= Task requirements =
Would you write out each line of the material below exactly, skipping every picture?

= Supplied information =
▼
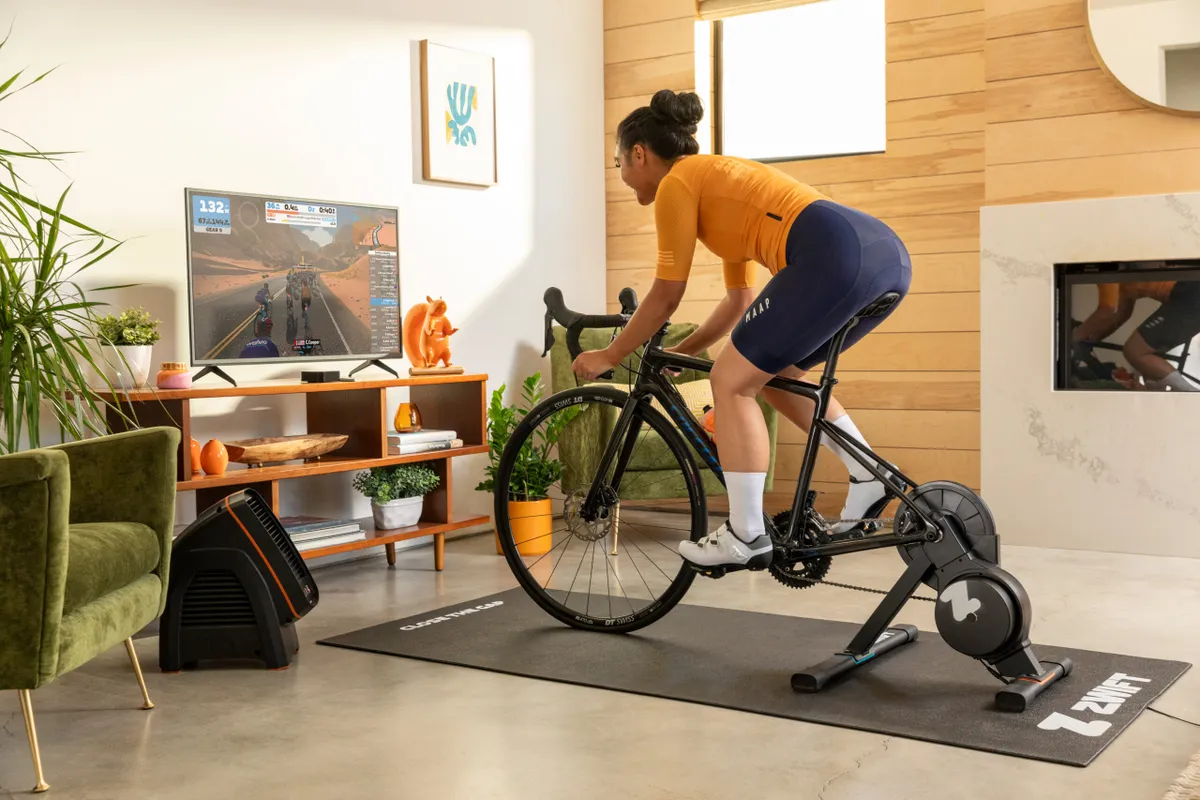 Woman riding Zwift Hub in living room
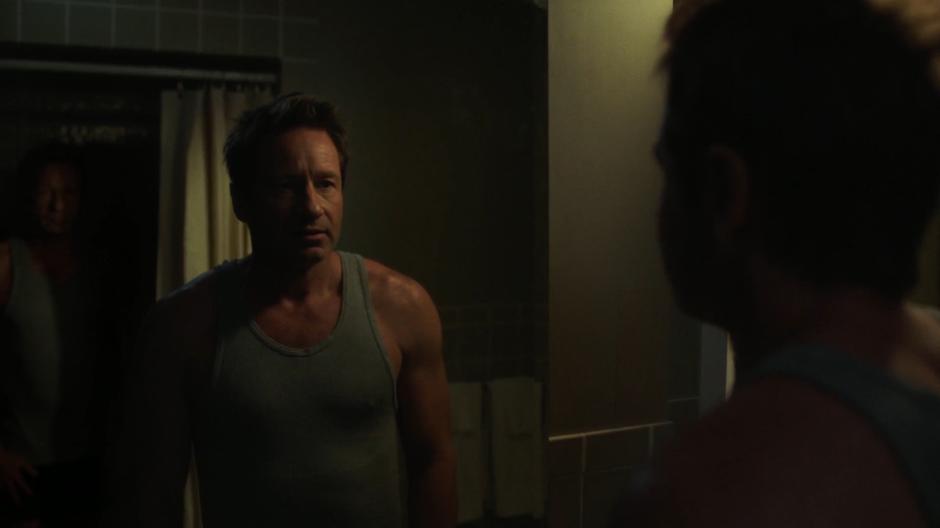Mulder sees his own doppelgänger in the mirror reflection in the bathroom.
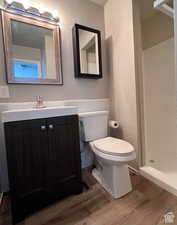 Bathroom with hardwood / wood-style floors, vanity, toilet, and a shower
▲
= Result below =
 Woman riding Zwift Hub in living room
Mulder sees his own doppelgänger in the mirror reflection in the bathroom.
 Bathroom with hardwood / wood-style floors, vanity, toilet, and a shower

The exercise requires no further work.